## ACTIVITY
For the material below, return exactly the lines starting at the one holding "Single Pet Photography Imprime: KITTEN" and ending at the one holding "Pawtitas solid 6ft", counting both as part of the range.

## INPUT MATERIAL
------------------------------------------------
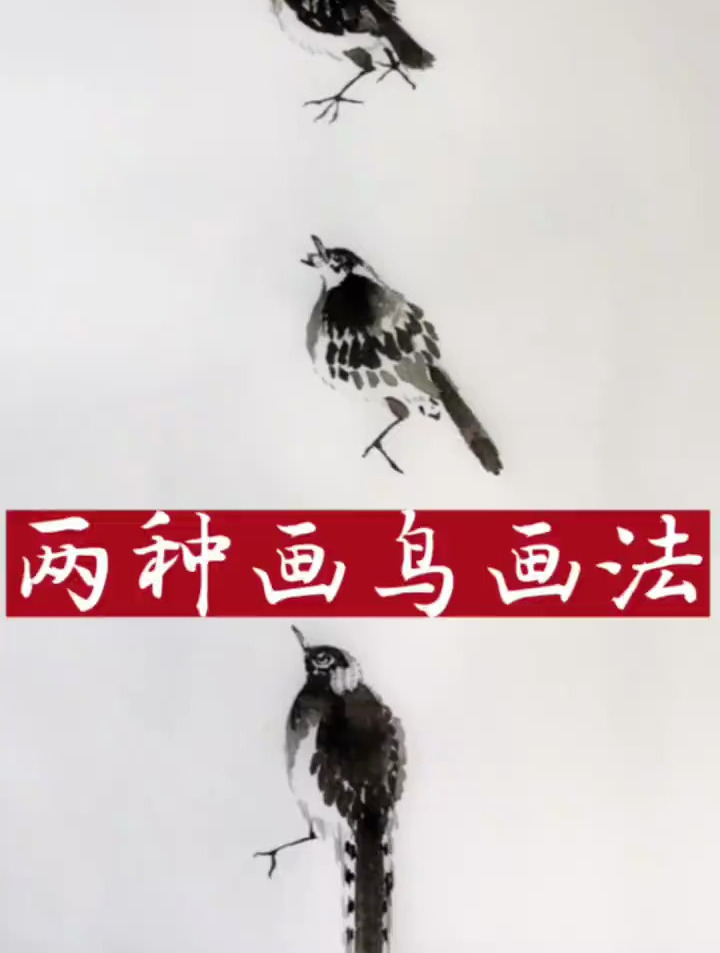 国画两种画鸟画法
------------------------------------------------
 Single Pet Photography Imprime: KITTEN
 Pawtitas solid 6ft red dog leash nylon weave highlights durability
------------------------------------------------
## EXPECTED OUTPUT
 Single Pet Photography Imprime: KITTEN
 Pawtitas solid 6ft red dog leash nylon weave highlights durability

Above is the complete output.